When do a citizen lawmaker’s efforts at exerting influence become a conflict of interest? The Indiana General Assembly can’t seem to figure it out, giving a pass to a legislative leader who used his position to benefit his family business. As House Speaker Pro Tem P. Eric Turner walks away from an ethics scandal unbruised and nearly $2 million richer, it’s time that voters demand the higher standards legislators have failed to approve.
House Speaker Brian Bosma said this week that Turner will not be sanctioned by the House after an ethics investigation determined he did not violate current rules.
The ethics committee completed its review, and the review was to take no action but to take a hard look at our disclosure statutes and statements, and that’s what we’re doing now, Bosma said Tuesday.

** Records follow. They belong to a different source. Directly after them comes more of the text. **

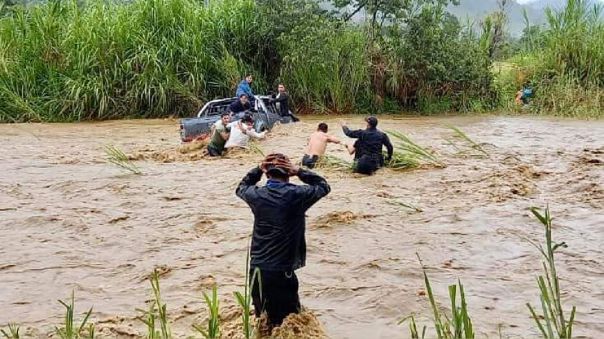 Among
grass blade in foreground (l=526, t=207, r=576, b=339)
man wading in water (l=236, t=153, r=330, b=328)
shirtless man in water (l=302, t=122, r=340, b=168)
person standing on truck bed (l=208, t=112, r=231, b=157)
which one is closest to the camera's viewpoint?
grass blade in foreground (l=526, t=207, r=576, b=339)

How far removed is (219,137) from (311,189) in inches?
327

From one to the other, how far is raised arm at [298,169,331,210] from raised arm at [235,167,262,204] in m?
0.34

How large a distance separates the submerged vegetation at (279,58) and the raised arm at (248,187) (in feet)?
51.9

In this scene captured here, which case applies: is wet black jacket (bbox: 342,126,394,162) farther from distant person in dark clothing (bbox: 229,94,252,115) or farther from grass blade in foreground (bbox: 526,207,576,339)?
grass blade in foreground (bbox: 526,207,576,339)

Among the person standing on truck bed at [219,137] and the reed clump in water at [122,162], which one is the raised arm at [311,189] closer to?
the reed clump in water at [122,162]

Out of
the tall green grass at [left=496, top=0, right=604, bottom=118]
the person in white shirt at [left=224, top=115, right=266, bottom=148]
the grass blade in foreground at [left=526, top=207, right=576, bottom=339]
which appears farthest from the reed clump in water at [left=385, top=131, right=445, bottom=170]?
the tall green grass at [left=496, top=0, right=604, bottom=118]

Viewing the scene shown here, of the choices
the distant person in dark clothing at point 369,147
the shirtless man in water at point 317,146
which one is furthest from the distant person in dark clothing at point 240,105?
the distant person in dark clothing at point 369,147

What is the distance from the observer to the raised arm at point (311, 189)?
4.92 meters

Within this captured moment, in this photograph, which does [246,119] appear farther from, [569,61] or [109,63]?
[569,61]

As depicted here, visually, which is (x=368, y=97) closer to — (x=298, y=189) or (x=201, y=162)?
(x=201, y=162)

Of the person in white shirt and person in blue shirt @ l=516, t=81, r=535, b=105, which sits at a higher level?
person in blue shirt @ l=516, t=81, r=535, b=105

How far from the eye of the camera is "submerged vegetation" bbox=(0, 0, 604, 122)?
67.5 ft

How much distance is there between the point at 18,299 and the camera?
5863 millimetres

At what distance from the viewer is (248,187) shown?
5078 millimetres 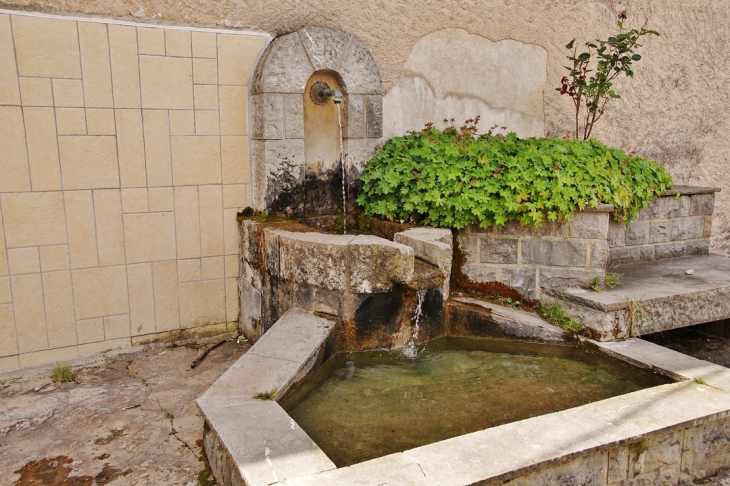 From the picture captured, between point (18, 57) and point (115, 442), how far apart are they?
Result: 2.55 m

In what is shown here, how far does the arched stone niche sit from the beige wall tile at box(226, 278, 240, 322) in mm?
698

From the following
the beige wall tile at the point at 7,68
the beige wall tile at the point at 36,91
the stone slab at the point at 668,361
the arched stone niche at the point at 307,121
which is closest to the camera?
the stone slab at the point at 668,361

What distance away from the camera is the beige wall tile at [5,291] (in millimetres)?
4044

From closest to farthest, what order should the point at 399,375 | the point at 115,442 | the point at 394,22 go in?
the point at 115,442
the point at 399,375
the point at 394,22

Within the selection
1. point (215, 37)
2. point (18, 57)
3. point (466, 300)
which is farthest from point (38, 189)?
point (466, 300)

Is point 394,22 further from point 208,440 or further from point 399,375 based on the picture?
point 208,440

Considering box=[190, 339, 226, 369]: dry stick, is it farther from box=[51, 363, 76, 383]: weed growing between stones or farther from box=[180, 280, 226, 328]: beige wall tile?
box=[51, 363, 76, 383]: weed growing between stones

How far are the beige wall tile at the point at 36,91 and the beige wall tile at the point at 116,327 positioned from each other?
1.59 m

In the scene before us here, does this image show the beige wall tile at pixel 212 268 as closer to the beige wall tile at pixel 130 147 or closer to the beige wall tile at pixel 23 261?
the beige wall tile at pixel 130 147

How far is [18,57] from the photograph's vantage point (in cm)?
389

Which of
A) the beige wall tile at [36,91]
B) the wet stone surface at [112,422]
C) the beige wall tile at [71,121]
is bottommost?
the wet stone surface at [112,422]

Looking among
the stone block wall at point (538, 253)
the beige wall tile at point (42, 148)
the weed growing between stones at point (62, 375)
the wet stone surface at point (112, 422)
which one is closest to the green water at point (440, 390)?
the stone block wall at point (538, 253)

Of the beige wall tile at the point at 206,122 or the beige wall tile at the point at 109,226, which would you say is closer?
the beige wall tile at the point at 109,226

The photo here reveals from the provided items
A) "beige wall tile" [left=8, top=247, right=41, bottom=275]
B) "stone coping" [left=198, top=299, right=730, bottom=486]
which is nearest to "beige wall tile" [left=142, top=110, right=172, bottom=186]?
"beige wall tile" [left=8, top=247, right=41, bottom=275] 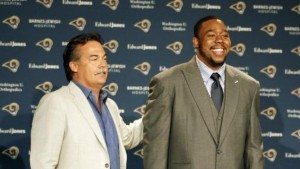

Turner, the speaker’s second-in-command, abstained from voting in public. But he lobbied in the GOP caucus to kill a proposed moratorium on new nursing home construction. His behind-closed-door dealings angered at least one colleague, who pointed out to the members of the media that Turner was an investor in his son’s nursing home development company. The moratorium, proposed by Republican Sen. Patricia Miller, threatened multiple projects planned by Mainstreet Property Group, a company owned by the lawmaker, his son and several others. The state offered $345,000 in tax credits for a Terre Haute project that Mainstreet documents show will earn Turner about $1.8 million.
If one House Republican showed character in disclosing Turner’s hypocrisy, it’s fair for voters to wonder why the others supported his bid to kill the nursing home moratorium.
How did the Cicero businessman convince them that their Senate colleagues were wrong about the legislation? Were the others uncomfortable with Turner’s lobbying? Did he convince House members that his conflict did not compromise the integrity of the General Assembly?
We’ll never know. But we can remind all legislators that the low bar Turner was able to clear is in sharp contrast to legislative standards elsewhere. His actions would not have been allowed in Kentucky, where tough standards were recently revised to become even tougher.
Lawmakers in the Bluegrass State apparently recognized that a Statehouse scandal harmed the reputations of more than the 18 lobbyists and lawmakers convicted on corruption charges. The scandal led to the creation of an independent nine-member board that oversees lawmakers and lobbyists.
With many veteran lawmakers choosing retirement, the young and inexperienced group of Indiana legislators needs to hear the lessons of Martin K. Chip Edwards, Phillip E. Gutman and Michael K. Phillips. Once respected leaders, each was involved in a scandal that ended his political career and harmed the reputation of the entire legislature.
As the General Assembly begins to consider tightening its rules, it needs to hear from voters. A part-time legislature served by citizen-lawmakers shouldn’t serve as a cover for glaring conflicts of interest.